Sons carry an unshakable hope about the future.
“We know that all things work together for good to those who love God, to those who are called according to His purpose” (Rom. 8:28, MEV). Sonship is formed in how we handle discouragement. The most impressive quality of a son is the ability to look hardship square in the face, weep, grieve, but not be taken out by it. Orphans carry a doom and gloom lens to everything. Disappointing events have a domino effect on their life. One event trickles into feeling like their whole life is failing. Sons have a ‘big God’ mindset. Orphans serve a very little God and their choices show it. Sons reveal their big-God mindset in their thinking, speaking and decisions. Circumstances or resources does not limit them. They find a way to break through with the Father.

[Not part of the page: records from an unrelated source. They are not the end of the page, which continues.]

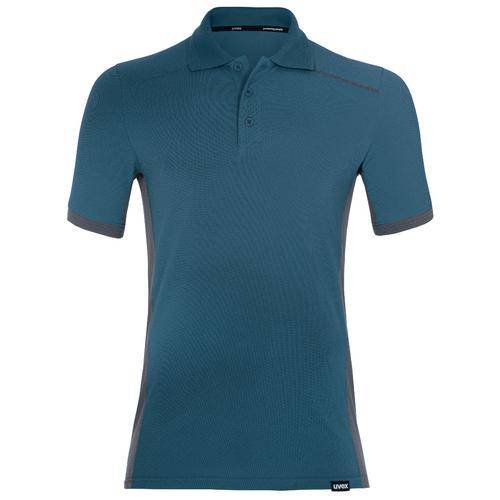 Poloshirt uvex suXXeed industry blau, nachtblau XL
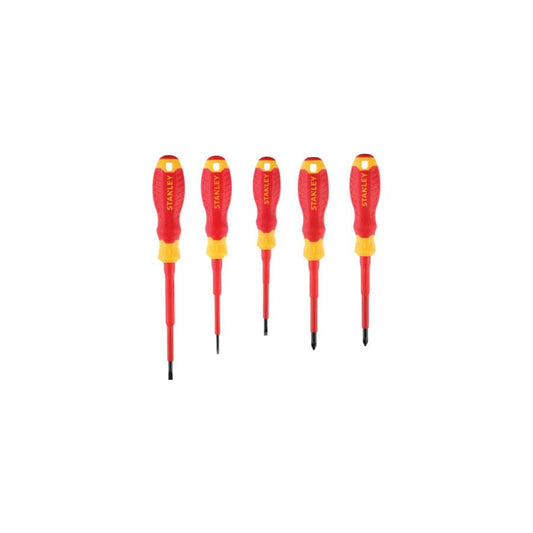 STANLEY® STA065556 VDE Screwdriver Set, 5 Piece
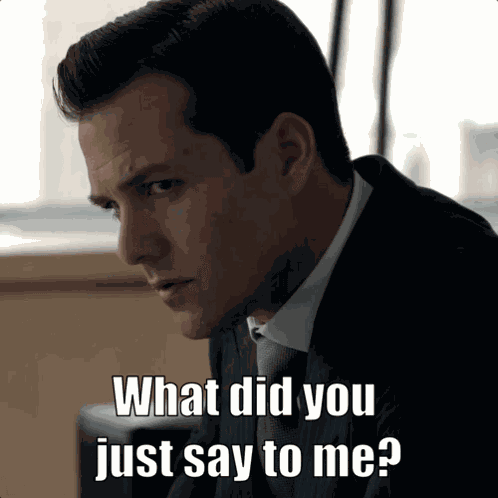 Harvey Specter Suits GIF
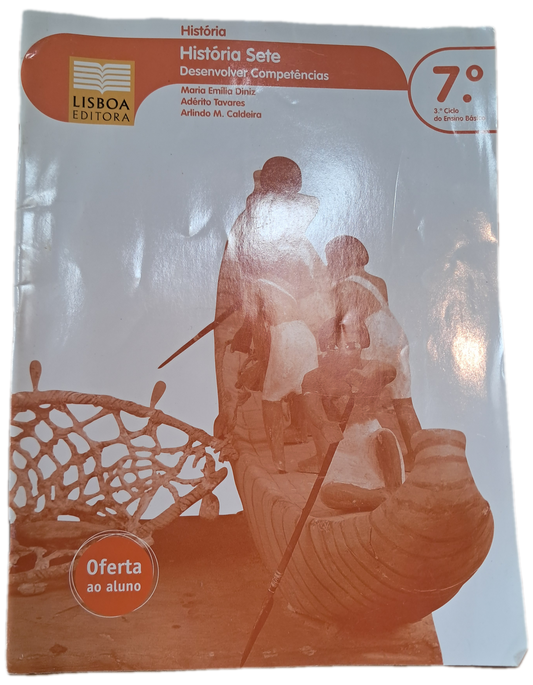 Histórias Sete Desenvolver Competências (Usado)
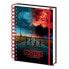 Фото #1 товара STRANGER THINGS A5 Premium 3D Mind Flyer Notebook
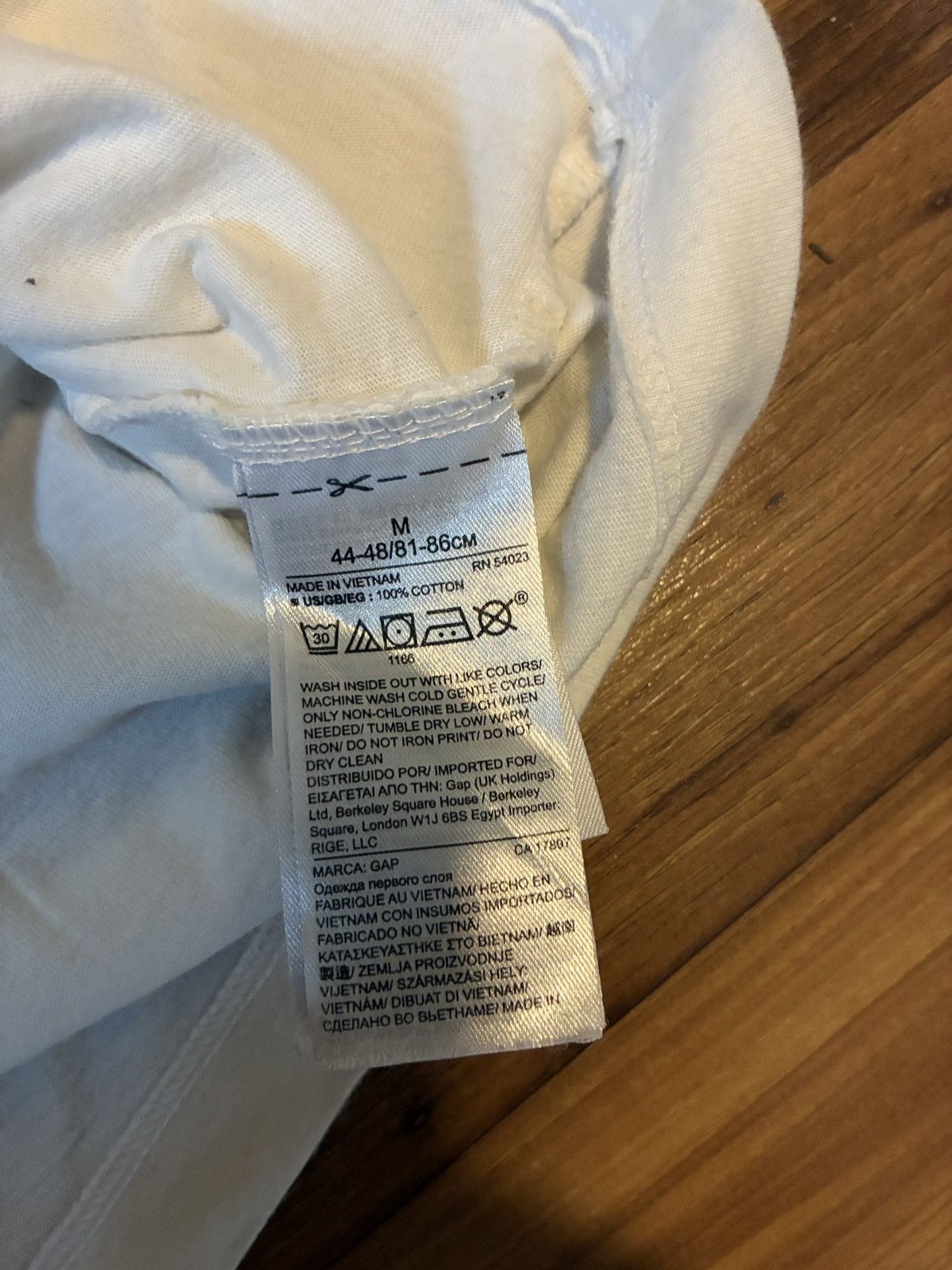 Gap × The Madbury Club RARE Madbury Club x Gap collab graphic tee Size US S / EU 44-46 / 1 - 5 Thumbnail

Sons rest in the Father’s ability to guide the future.
Orphans have anger and fits of rage when things don’t go our way. This is a sign that you are trying to control your outcome instead of resting in what the Father wants. When you get angry, analyze the root cause. Instead of frustration, step back and ask, Ask Father what is going on here? Ask Him to help you change your expectations and learn to wait on you. As an exercise, tell him you trust in him that your future is in his hands.” Easier said than done. But you can become a person of rest, with no stress and no anger.
Sons are not limited or condemned by their weaknesses.

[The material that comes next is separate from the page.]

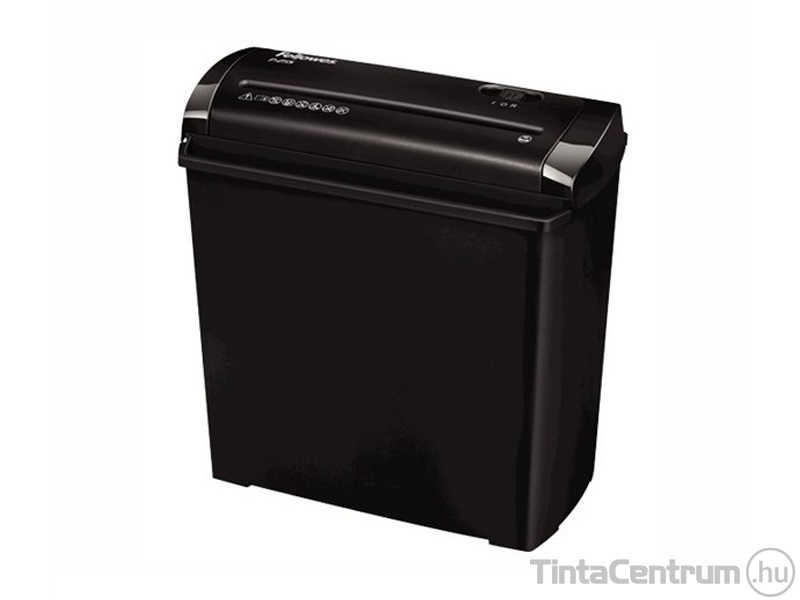 Iratmegsemmisítő, csík, 5lap, FELLOWES "Powershred P-25S"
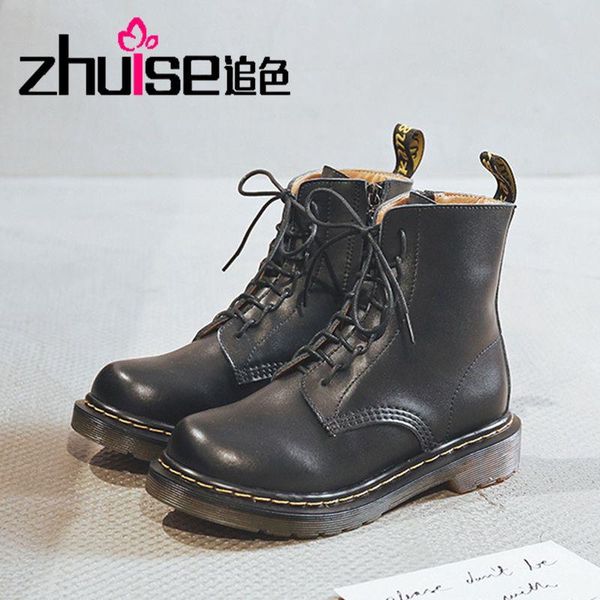 boots 2021 riding women british style flat bottom motorcycle eight-hole short tube lace-up ankle, Black
boots 2021 riding women british style flat bottom motorcycle eight-hole short tube lace-up ankle, Black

Romans 8:26 says, “Likewise, the Spirit helps us in our weaknesses, for we do not know what to pray for as we ought, but the Spirit Himself intercedes for us with groanings too deep for words”. I am refreshed when I meet a son-minded person who is not hung up on his or her weaknesses. They are honest about them and gain help from others who are strong in those areas. They don’t carry a shame about their mistakes or flaws. They love themselves enough to rejoice over their strengths and live kindly regarding their weaknesses. Sons grow stronger in weakness, but orphans just despise their weak areas and do everything possible to cover them up. When you feel weak, relax, ask Holy Spirit to make up the difference! It will be ok.
Sons appreciate discipline. Orphans resent correction.
Hebrews 12:6-7 says, “because the Lord disciplines those he loves, and he punishes everyone he accepts as a son. Endure hardship as discipline; God is treating you as sons. For what son is not disciplined by his father?” Not every pressure is from the enemy. God brings pressure to train you into your skill, grow your character, and bring purity. You need this to be the bride of Christ. How well do you handle correction from others? This is probably the same way you handle correction from Father. Embrace discipline, pressure, and teaching. He is transforming you into the person you won’t believe in a few years.
God desires relationship and loves family.
He is always looking for someone who he can pour his love over. Connect with God out of friendship, not on a need basis. You were born for relationships. Relate to him as a person – not glory, cloud, gift giver, etc. Tell Father that you want to know him as a person, as a son does his father on earth.
The greatest way you know you live in sonship is in your ability to receive and live in the love of God. Sons do not have to work up their love relationship; they have learned to receive and rest in that love. How do I do this? By getting in his presence. Don’t get yourself right first, then seek him. Don’t just ask him to come down, but picture yourself going up to him. Tell Father you love him and want to be in a relationship with him. Ask Him to help you seek after him and not stand outside looking in. Picture yourself walking and talking and resting in his presence.
Sons get comfort from Lord’s presence. Orphans get comfort by hiding their pain through something physical.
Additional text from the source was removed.